Dive Brief:
- Companies with only female founders in agriculture and food tech receive only 7% of investment deals, representing just 3% of all dollars, according to a new study by AgFunder, Karen Karp & Partners and The New Food Economy in collaboration with S2G Ventures. Those numbers increased to 16% if the female founder had a male counterpart.
- The amount of money received by female-founded startups in this sector is falling, with total dollars shrinking 37% from 2017 to 2018, according to the report.
- The study shows this is the result of both implicit and explicit bias. For female founders, questioning from potential funders is more cautionary and more data is required than their male counterparts. The bias came both from male and female venture capitalists making investment decisions, the report found.
Dive Insight:
For years, food companies have faced a lack of female leadership. But it's not just in the established businesses. According to data from Pitchbook in 2017, just 2.2% of venture capital funding went to female-founded businesses. In 2019, those numbers are only marginally better.
The gaping disparity in funding stems in great part from implicit bias from those who are in the position to open their wallets. The study found 82% of investment decision-makers are men. When polled, one male investor explained, “Investment is risky business. The numbers are the numbers, but I will much more easily take a risk on someone who looks, acts and speaks like me.”
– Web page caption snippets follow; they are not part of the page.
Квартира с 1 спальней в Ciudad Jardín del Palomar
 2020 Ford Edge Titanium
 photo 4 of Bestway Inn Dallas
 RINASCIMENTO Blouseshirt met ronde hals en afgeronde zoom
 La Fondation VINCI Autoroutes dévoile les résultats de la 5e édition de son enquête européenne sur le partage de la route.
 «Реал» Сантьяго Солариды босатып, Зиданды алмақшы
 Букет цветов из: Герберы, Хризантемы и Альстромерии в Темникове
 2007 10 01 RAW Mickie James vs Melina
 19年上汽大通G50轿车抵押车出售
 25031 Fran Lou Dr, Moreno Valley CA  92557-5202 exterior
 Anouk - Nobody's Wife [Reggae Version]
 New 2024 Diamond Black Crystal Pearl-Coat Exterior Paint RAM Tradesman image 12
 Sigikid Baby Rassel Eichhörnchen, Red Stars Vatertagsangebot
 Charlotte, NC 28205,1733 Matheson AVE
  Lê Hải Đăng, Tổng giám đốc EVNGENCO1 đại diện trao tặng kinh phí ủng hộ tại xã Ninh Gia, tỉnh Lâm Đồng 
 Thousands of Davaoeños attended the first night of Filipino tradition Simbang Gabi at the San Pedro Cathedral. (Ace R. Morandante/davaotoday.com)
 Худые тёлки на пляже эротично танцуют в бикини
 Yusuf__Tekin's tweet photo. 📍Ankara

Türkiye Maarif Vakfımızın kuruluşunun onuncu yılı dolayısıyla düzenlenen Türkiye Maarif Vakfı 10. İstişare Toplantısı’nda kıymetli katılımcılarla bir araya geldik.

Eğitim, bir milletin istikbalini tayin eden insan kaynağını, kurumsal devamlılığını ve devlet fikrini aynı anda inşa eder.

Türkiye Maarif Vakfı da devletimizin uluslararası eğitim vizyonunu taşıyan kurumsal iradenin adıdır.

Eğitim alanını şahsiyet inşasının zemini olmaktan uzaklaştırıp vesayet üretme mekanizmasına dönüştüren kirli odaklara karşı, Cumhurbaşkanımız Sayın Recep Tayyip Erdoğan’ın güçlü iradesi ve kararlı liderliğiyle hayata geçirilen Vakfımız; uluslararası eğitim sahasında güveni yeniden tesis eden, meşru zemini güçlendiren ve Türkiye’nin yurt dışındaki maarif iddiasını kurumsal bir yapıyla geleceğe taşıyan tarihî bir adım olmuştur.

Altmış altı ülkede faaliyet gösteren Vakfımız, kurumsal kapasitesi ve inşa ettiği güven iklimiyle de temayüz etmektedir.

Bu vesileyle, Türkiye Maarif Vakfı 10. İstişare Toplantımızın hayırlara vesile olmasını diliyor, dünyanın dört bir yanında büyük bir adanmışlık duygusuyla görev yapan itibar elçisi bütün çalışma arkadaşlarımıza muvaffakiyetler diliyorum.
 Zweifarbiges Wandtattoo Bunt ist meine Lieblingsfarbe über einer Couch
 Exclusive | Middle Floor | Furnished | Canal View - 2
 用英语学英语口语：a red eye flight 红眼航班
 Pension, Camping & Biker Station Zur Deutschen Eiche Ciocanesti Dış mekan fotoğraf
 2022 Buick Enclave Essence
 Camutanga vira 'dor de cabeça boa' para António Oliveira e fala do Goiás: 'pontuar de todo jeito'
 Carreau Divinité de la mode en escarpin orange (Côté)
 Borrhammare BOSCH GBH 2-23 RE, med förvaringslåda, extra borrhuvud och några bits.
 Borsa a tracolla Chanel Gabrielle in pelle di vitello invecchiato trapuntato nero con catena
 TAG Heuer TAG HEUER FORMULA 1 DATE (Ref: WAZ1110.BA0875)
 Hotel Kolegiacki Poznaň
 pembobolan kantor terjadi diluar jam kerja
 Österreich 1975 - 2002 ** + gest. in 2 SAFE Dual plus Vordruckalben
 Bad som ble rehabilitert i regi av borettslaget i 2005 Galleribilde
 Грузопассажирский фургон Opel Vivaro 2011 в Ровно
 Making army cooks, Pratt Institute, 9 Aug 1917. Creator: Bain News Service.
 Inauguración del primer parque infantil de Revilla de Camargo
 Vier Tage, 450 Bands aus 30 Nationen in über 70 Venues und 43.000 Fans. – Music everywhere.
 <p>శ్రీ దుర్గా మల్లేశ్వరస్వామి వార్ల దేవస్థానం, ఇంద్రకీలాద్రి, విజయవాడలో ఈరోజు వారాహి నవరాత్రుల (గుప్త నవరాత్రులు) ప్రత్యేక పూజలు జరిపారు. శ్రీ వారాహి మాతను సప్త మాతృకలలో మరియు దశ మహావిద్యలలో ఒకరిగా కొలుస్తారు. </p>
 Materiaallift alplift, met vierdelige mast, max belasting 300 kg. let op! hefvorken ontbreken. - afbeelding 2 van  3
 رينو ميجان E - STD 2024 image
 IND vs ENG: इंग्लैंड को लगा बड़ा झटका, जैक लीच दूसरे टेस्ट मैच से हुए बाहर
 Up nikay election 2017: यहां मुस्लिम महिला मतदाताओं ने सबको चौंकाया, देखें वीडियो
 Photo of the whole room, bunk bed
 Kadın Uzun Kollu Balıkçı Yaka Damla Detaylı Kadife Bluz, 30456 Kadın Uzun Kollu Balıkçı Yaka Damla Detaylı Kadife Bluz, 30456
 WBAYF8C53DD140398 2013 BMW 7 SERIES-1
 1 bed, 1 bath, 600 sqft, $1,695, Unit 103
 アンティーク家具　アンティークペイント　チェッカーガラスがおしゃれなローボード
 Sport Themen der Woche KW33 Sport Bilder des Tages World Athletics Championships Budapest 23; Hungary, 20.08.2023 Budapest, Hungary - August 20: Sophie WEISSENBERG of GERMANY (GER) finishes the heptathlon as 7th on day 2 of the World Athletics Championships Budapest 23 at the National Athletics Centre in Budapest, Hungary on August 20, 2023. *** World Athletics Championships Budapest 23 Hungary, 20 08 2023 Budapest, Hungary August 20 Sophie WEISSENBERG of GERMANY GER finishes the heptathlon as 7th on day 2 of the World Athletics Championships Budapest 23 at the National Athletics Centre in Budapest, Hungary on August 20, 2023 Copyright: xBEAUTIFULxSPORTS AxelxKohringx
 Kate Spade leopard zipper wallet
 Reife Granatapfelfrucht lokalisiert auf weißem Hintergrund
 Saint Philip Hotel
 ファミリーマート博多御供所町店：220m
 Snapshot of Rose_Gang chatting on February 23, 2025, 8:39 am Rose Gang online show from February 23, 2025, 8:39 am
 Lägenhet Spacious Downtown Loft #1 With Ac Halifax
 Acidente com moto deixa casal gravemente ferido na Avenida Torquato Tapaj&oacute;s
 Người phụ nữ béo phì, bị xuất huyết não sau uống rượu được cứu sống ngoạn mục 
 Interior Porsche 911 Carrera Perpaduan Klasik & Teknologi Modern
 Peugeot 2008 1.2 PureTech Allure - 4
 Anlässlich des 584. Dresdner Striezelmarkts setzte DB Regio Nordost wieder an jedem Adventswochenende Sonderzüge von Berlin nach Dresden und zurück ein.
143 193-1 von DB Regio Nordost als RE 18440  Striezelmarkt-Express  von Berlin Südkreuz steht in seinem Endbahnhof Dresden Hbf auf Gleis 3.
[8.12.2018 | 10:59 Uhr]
The result is that as an investment becomes riskier, fewer female founders are receiving money. Larger seed funding rounds are raised by female-only and female co-founded teams, but the the study found median deal size for male-only teams was nearly three times greater than for female-only teams by the Series A stage.
Although there is a clear discrepancy in funding, woman-led businesses are one of the fastest-growing entrepreneurship segments, according to the U.S. Small Business Administration. These businesses generate twice as much revenue per dollar compared to other businesses.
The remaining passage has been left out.